Nooralhaq Nasimi  (born 1967) is a former refugee who fled Afghanistan with his family, and who now campaigns for refugee rights in Europe and his former home country. In 2001 he founded the Afghanistan and Central Asian Association, a charity dedicated to helping refugees in London to integrate. He currently serves as the organisation's director and in 2011 he founded the European Campaign for Human Rights in Afghanistan, an organisation dedicated to raising awareness of the plight of Afghans worldwide.

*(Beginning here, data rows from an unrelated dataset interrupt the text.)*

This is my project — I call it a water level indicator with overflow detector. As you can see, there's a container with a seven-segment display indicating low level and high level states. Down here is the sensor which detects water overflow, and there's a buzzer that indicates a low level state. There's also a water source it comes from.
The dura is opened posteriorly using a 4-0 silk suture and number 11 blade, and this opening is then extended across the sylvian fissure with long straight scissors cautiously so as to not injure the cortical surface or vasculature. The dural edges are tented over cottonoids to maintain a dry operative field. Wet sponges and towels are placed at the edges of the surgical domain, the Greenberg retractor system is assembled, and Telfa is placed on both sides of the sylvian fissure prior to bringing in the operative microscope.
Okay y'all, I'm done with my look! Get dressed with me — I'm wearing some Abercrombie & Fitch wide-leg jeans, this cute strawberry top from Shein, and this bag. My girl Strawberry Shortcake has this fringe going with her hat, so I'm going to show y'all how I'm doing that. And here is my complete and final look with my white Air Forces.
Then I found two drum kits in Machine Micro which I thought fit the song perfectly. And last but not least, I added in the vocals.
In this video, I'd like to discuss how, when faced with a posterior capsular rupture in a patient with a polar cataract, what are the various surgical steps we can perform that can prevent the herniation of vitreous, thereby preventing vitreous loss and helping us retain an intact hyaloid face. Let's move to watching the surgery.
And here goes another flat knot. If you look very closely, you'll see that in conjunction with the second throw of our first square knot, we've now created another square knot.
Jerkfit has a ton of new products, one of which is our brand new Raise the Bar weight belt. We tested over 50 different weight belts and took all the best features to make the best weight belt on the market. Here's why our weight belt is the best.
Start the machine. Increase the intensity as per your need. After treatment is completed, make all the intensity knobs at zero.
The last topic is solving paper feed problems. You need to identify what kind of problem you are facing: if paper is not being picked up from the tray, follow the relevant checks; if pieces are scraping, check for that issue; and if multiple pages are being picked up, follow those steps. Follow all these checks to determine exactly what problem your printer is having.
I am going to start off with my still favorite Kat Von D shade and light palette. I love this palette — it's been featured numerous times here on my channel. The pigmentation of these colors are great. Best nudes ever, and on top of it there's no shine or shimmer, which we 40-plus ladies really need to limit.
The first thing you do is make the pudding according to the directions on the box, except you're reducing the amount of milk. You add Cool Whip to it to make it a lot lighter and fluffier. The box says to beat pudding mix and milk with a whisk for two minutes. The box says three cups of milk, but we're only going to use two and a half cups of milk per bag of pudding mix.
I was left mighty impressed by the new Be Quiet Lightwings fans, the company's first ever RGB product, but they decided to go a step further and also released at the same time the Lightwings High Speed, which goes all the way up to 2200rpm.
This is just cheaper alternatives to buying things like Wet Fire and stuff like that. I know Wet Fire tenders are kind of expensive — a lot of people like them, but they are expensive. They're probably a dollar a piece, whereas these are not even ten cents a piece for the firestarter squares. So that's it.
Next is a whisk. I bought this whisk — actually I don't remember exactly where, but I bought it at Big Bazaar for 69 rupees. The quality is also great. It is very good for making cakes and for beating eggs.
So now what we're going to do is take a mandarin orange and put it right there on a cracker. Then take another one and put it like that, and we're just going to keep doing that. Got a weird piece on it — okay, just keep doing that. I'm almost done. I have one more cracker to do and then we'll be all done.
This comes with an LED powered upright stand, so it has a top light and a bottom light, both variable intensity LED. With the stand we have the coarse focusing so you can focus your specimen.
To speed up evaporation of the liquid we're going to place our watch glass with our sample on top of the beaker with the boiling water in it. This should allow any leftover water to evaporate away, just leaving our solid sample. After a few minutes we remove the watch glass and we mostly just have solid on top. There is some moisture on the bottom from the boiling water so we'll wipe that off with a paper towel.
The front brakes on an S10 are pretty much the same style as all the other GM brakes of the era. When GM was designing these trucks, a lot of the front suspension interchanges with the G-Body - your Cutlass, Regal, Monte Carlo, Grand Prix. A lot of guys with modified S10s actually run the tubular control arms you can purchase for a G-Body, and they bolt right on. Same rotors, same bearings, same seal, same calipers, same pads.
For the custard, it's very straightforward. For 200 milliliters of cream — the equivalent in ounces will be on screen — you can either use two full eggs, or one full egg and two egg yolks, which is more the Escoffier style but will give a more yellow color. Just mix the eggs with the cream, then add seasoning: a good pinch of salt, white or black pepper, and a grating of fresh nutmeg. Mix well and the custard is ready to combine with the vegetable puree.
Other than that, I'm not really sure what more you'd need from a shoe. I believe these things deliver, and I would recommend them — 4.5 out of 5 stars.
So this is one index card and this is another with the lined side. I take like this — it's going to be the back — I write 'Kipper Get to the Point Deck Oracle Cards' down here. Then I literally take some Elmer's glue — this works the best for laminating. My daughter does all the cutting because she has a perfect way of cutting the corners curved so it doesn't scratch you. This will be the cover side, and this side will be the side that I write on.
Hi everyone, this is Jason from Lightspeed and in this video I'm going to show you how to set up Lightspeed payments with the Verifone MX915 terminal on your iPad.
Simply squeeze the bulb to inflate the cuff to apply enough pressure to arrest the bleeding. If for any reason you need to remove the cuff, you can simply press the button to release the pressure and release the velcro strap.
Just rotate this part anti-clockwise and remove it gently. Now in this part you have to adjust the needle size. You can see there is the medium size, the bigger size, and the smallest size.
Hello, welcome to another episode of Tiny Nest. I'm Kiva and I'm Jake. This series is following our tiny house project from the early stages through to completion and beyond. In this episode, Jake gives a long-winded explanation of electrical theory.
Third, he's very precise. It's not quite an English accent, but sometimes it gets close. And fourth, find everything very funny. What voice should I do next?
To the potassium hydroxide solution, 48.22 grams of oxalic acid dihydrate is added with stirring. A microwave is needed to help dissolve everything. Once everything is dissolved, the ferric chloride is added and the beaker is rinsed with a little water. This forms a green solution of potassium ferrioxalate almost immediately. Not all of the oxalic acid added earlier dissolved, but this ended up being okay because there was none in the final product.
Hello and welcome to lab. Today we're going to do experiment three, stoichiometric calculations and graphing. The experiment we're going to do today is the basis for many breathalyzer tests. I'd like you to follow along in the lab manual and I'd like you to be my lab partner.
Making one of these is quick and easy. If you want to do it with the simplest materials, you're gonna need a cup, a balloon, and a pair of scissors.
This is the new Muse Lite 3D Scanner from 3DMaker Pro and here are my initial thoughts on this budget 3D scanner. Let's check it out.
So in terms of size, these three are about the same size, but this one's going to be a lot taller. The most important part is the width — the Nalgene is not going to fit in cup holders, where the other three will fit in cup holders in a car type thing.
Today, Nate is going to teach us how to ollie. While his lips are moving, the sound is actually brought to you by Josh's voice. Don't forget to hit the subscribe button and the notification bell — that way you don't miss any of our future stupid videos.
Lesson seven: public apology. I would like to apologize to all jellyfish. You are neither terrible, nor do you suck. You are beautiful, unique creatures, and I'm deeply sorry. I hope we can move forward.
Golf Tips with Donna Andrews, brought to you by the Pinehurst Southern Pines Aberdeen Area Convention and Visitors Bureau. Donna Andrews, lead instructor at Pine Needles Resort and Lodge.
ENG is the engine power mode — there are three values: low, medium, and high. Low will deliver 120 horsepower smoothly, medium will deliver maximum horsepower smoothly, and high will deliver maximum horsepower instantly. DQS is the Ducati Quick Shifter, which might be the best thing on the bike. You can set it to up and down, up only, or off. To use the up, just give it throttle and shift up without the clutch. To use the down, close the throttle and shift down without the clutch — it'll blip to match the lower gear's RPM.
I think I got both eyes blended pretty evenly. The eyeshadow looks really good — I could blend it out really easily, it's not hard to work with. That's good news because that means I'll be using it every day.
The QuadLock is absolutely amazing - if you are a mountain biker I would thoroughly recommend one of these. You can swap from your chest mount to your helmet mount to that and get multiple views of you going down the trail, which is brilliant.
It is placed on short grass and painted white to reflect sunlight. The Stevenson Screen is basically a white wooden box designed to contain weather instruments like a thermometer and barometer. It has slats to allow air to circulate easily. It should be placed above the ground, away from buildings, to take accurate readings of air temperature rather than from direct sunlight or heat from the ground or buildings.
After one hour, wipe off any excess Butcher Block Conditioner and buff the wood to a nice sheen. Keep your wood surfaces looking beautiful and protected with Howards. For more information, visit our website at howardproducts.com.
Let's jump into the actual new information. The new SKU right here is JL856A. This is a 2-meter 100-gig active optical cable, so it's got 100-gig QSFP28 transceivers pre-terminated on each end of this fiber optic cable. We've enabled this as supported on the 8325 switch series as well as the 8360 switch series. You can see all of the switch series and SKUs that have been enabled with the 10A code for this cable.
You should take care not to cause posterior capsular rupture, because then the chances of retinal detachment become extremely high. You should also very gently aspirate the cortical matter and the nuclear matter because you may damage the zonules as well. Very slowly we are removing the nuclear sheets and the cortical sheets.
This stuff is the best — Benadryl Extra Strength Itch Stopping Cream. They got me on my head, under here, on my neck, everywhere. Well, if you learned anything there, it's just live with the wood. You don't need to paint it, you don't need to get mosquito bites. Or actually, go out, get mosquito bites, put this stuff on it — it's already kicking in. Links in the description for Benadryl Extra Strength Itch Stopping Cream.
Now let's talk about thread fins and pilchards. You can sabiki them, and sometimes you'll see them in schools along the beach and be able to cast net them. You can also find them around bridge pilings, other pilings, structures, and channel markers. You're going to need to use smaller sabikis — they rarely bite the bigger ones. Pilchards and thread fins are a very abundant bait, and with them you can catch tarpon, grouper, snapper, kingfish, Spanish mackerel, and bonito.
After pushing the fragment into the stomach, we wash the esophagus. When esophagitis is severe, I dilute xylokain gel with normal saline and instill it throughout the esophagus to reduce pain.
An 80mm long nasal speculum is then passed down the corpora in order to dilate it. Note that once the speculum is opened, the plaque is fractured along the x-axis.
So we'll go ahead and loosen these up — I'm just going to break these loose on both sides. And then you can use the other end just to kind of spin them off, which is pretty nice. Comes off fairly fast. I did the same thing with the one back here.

Nasimi was born in Parwan Province before growing up Pul-e Khomri, Afghanistan. He was awarded an MA in law and PhD in Political Science from Mechnikov National University but this education and his time in the former USSR made him and his family a target for Taliban persecution. In 1999 Nasimi fled Afghanistan with his young family. After a three month journey he and his family crossed the English channel in the back of a refrigerated container to claim asylum in the United Kingdom. Inspired by the difficulties he faced integrating into British society and learning the English language, Nasimi established the Afghanistan and Central Asian Association in Lewisham in 2001. The charity is dedicated to helping refugees integrate and has since expanded to operate across London, offering services including language support, legal aid, a women's educational project and supplementary education programmes for child refugees. In 2018 Nasimi accepted the Queens Award for Voluntary Service on behalf of the ACAA for their work supporting refugees in London and was awarded the British Citizen Award for Volunteering and Charitable Giving in 2020.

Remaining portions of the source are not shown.